--- Work task ---
Print exactly the lines starting at the one that contains "New! Zibo Boeing" and ending at the last line of the listing below.

--- Supplied records ---
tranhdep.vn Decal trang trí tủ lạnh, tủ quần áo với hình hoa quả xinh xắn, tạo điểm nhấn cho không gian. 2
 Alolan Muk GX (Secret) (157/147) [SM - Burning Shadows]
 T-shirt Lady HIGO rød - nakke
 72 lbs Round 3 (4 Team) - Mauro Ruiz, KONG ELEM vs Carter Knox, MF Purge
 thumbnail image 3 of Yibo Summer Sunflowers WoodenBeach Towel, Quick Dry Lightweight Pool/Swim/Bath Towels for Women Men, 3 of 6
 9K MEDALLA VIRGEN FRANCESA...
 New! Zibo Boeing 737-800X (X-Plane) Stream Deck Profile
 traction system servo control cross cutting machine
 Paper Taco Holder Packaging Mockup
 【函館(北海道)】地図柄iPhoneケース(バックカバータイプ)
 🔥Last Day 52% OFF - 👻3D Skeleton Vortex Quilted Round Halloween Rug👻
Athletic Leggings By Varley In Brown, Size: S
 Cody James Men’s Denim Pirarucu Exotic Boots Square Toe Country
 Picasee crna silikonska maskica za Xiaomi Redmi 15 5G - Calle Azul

--- Finished exercise ---
 New! Zibo Boeing 737-800X (X-Plane) Stream Deck Profile
 traction system servo control cross cutting machine
 Paper Taco Holder Packaging Mockup
 【函館(北海道)】地図柄iPhoneケース(バックカバータイプ)
 🔥Last Day 52% OFF - 👻3D Skeleton Vortex Quilted Round Halloween Rug👻
Athletic Leggings By Varley In Brown, Size: S
 Cody James Men’s Denim Pirarucu Exotic Boots Square Toe Country
 Picasee crna silikonska maskica za Xiaomi Redmi 15 5G - Calle Azul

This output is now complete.